体と言葉

最近、『からだことば』という面白い本を読みました。

その中に、こんな意味のことが書いてありました。

 

 

* * * * *

 

からだは医学や生物学だけの対象ではありません。人のからだには遠い歴史や深い文化がひそんでいます。

 

かつて、怒りを表現する言葉としては、

 

頭にくる

 

とか

 

腹がたつ

 

といった表現を使っていました。

 

けれど、今の若者は

 

ムカつく

 

という表現を使います。

 

ムカついて、そしてキレるのです。

 

つまり、かつての怒りを表す言葉には「頭」や「腹」といったからだの部位の名称が含まれていたのです。

それが、いまでは「ムカつく」。

どこにも、からだの部位を表す名称が含まれていません。

 

かつて、わたしたちは怒りを感じると、それを体でいったん引き取って、

そして「頭にくる」とか「腹が立つ」と表現しました。

 

今は、感情を体で引き受けることなく外に出す。

 

だから、ムカついて、キレるのです。

 

* * * * *

 

だいたい、こんなような意味のことが書かれていて、わたしはなるほどと感心したのでした。

 

 

「ムカつく」というのも、元々は、ものすごい怒りのために「胸がむかついた」ような感じになったのが、

胸の部分が消えてしまって「ムカつく」になったのだろうとは推測できます。

 

 

そもそも言葉というのは、周りの環境に対して感じたことを伝えるために生まれてきたものです。

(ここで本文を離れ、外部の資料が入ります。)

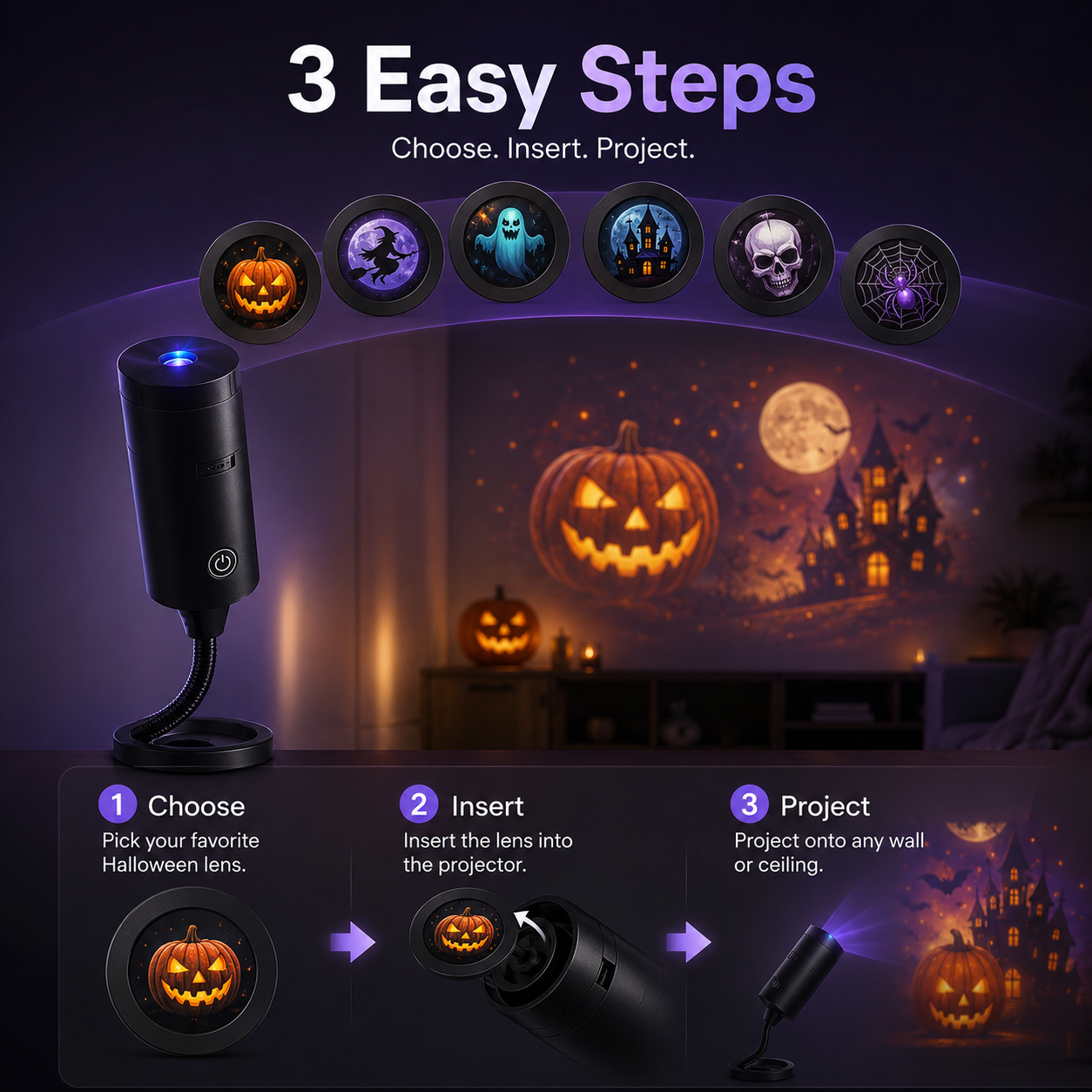 Halloween Projection Lens Set – 6 Spooky Scenes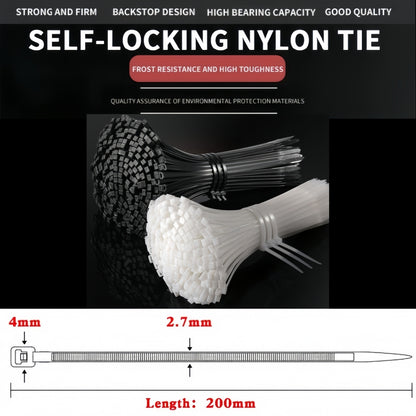 1000 x 200mm Black Cable ties 2.7mm x 200mm Black Plastic Nylon Ties (1000pcs)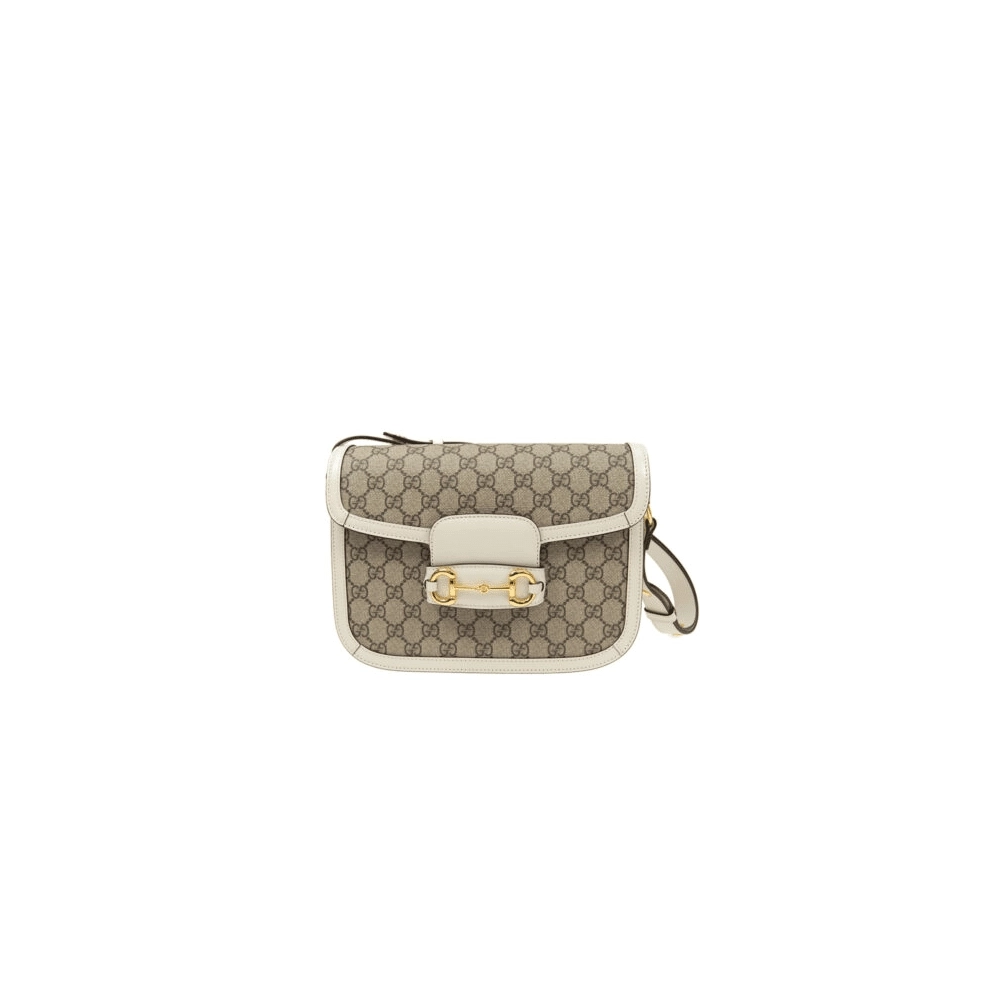 GUCCI Horsebit 1955 Shoulder Bag 602204 White,GUCCI,BAGS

つまり、私たち一人ひとりの内側から生じたものを外に出すためのもの。

だから、体とも密接に結びついているはずなんです。

*ここでいう体というのは、単なる肉体的な意味ではありません。

 

ところが、現代は、体と言葉が乖離してしまっている。

それは、感じることからも乖離してしまっているということなのかもしれません。

体の内側から生じたものを、きちんと感じることなく、体で引き受けることもなく、瞬間的に外に放り出す。

それが「ムカつく」。

瞬間的に放り出すから、キレてもしまうのでしょう。

 

わたしたちは人間で、人間は心と体の両方のバランスが取れてこそ、

その足でその人生を生きていくことができるのです。

 

心からも体からも目を背けたままで、人生は決して微笑んではくれない。

わたしは、そう思います。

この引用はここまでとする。